Helen’s death shouldn’t have shocked us.  At some point the body simply gives out.  But the news filled me with remorse.  We would not get another chance to see Helen, to hear her stories about the past, to listen to the laugh that always made you smile when you heard it. 

Weeks later, once again, a call from our foundation.  Helen Persson had remembered the military families and the wounded in her will.  She had honored the work of the Bob Woodruff Foundation with another substantial donation.  More tears of joy. This time I made sure to sit down.

This year we will be establishing an award for Helen Persson as a way to honor her legacy of service.  It is fitting that the intention of the award is to recognize a “Persson” who has given admirably in the area of veteran’s causes and veteran’s service organizations.

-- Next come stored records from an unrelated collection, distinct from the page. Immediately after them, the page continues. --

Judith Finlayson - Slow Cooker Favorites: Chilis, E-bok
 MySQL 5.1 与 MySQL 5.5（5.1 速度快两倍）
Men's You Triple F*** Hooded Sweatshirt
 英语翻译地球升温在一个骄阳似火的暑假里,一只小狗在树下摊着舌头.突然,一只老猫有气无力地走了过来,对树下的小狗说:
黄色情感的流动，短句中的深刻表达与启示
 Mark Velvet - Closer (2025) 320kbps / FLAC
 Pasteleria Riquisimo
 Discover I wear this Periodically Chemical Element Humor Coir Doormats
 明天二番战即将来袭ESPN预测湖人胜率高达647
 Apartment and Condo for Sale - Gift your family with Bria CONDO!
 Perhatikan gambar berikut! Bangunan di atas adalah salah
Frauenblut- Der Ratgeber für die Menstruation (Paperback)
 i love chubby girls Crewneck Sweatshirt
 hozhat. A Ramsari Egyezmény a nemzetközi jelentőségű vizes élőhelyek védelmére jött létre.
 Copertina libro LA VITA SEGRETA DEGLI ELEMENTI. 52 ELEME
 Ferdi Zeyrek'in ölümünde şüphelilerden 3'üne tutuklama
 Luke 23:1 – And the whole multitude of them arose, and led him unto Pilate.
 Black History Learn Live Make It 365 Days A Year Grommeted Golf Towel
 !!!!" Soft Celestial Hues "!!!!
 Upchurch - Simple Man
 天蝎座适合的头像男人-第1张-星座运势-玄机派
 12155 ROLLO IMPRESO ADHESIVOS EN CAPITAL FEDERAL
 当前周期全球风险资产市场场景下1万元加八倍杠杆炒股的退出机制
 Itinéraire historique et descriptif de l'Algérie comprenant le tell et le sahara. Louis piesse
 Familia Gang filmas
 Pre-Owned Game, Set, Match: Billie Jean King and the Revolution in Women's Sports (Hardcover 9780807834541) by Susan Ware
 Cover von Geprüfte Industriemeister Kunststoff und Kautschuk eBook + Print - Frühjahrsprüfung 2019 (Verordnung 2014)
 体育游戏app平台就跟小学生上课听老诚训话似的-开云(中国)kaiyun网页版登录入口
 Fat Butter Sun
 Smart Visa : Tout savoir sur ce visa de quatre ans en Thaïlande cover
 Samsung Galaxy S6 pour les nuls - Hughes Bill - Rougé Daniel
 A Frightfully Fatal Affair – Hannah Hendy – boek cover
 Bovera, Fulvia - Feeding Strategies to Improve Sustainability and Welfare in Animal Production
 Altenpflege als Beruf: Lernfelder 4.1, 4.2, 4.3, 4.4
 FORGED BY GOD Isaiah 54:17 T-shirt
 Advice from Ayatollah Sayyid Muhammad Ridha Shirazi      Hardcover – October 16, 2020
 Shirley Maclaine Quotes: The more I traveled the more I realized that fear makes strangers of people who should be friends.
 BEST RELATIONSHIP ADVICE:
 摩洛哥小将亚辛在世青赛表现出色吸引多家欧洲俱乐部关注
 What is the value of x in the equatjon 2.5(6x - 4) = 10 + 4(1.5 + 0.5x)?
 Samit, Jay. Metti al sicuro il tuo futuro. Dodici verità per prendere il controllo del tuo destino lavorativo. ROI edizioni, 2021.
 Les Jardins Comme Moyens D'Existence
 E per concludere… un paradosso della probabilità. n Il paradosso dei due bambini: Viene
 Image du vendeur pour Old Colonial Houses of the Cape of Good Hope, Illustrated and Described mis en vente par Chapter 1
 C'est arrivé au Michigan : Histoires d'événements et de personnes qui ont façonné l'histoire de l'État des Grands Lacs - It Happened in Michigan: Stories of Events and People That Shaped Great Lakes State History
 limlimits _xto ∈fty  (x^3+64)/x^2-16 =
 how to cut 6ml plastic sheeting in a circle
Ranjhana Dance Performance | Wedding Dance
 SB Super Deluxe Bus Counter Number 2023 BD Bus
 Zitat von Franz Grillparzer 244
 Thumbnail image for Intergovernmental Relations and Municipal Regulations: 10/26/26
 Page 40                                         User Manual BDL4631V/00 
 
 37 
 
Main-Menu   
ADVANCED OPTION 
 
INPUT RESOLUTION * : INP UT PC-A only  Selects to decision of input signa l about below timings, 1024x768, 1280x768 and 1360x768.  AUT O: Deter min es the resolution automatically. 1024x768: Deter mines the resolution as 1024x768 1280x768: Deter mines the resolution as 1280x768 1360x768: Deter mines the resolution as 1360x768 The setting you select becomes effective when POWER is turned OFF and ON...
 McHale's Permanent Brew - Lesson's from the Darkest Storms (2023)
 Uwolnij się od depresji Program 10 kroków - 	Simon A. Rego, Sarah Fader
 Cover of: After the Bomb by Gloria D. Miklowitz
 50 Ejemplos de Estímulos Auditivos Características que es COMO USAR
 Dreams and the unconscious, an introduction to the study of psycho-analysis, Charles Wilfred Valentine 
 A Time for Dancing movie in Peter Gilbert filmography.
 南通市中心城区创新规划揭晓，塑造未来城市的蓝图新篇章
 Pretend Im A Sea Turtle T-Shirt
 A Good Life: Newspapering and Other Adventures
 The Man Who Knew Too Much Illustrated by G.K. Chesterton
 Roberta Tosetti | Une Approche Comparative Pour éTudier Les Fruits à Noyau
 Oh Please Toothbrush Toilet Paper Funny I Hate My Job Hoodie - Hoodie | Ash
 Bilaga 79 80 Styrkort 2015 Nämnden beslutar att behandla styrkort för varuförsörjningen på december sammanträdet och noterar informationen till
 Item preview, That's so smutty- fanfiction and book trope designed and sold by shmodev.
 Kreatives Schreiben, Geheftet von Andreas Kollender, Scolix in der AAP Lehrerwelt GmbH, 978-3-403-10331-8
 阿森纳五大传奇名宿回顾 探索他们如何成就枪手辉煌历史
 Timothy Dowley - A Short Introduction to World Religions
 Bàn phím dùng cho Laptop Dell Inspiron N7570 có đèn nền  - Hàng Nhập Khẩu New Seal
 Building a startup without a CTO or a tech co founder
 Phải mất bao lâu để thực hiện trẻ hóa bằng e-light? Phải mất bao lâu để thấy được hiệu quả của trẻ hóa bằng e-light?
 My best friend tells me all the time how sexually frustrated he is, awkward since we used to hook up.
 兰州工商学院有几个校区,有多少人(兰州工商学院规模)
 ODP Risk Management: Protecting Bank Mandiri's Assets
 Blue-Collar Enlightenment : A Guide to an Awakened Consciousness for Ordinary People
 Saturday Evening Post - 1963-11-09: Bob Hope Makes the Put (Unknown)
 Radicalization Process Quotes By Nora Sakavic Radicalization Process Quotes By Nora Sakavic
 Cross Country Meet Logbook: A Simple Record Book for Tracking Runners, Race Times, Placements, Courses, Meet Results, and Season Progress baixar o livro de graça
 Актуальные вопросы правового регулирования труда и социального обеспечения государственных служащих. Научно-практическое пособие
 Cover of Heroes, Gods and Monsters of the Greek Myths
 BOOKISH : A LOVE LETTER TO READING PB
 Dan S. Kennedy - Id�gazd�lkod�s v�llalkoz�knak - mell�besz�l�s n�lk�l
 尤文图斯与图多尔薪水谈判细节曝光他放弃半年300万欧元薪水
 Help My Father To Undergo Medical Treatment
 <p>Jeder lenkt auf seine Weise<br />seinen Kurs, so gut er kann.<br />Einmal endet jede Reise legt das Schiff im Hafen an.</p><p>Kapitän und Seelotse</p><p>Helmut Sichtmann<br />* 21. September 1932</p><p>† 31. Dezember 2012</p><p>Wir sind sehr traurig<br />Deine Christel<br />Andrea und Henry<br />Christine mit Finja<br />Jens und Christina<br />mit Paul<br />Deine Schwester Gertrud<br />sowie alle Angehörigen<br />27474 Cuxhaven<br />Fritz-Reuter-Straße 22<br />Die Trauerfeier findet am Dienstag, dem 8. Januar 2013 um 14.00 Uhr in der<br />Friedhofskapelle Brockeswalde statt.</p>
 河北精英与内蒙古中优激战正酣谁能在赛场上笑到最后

I like to imagine that somewhere up there in the big old heavens, Helen is reuniting with many of her old friends, her husband and family, and I imagine a number of the young men whom she once cared for during World War II.   That’s the way I like to picture it, anyway.

Helen Persson left her mark in ways too numerous to detail here, and if I did it would sound like a lengthy obituary.  She lived fully and loved large, and she remains a shining example to me that there are big and little ways to positively impact this world.  She didn’t just twinkle, she shone.  May we all move through the world a little like Helen.